I got the jump out of transition but was quickly passed by Brian, Max and John on the powdery flats, at which point I hitched a ride on the train. At the bottom we all arrived within seconds of each other.

I had a good transition and was out first, stepping over ski tails and poles as I squeezed my way from the back of the transition zone. Brian and John followed closely. I threw down what I had left on the next 900 ft vertical. The third climb hadn't been freshened up either and when I hadn't dropped Brian or John I gave them a turn, hoping to recover for a final move and preserve the gap we now had over Marshall and Max.

Brian took a pull and then John. At the top of the climb instead of making a move I was on my heels. At the transition John was gone as I started to rip my first skin and Brian was gone when I ripped the second.

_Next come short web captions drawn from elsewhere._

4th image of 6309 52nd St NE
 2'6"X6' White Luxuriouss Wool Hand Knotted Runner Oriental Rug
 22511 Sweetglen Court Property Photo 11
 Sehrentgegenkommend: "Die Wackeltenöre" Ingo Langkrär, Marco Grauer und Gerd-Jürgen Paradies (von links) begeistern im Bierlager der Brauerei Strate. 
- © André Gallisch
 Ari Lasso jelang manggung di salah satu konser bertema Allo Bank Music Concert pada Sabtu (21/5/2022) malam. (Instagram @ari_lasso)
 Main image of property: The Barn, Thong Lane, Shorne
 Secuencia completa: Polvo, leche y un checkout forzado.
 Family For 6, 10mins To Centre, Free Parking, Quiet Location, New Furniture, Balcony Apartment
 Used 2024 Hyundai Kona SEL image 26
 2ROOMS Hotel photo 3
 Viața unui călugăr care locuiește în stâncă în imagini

The third descent was steeper up top and had nearly a mile of double poling and skating to the finish line at the bottom. My legs protested on the final descent and the double poling on unsupportable snow was painfully slow. Finally I hit the cat track for the start of the skate. Only one set of tracks was on the snow in front of me. Shortly after though Brian, a strong nordic skier, passed me. Despite a hard effort that was how it remained -- losing to Brian by 5 seconds and John 28 seconds.

Post Race

One of the funniest stories of the race was that Brian and I somehow switched poles in one of the transitions (bottom of the second descent?). Fueling the narrative further, my poles are 5 cm longer -- for a shorter guy a convenient length for the skate to the finish! Honestly I never noticed the whole time, but it makes an entertaining story.

The post race party at the Brick Oven in CB was fantastic as well. Free pizza, beer and hours of talking skiing! Does it get any better? Put this race on your calendar next year.

Thanks to Wick and the other race org for a great event. Looking forward to other trips to CB this winter for more racing.